Restate every line of the material, word for word.

GIVEN INFORMATION Block Start

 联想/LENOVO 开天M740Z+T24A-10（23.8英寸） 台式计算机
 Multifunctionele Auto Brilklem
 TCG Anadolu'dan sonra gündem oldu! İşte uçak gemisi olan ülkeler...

GIVEN INFORMATION Block End

ANSWER TO THIS EXERCISE:
 联想/LENOVO 开天M740Z+T24A-10（23.8英寸） 台式计算机
 Multifunctionele Auto Brilklem
 TCG Anadolu'dan sonra gündem oldu! İşte uçak gemisi olan ülkeler...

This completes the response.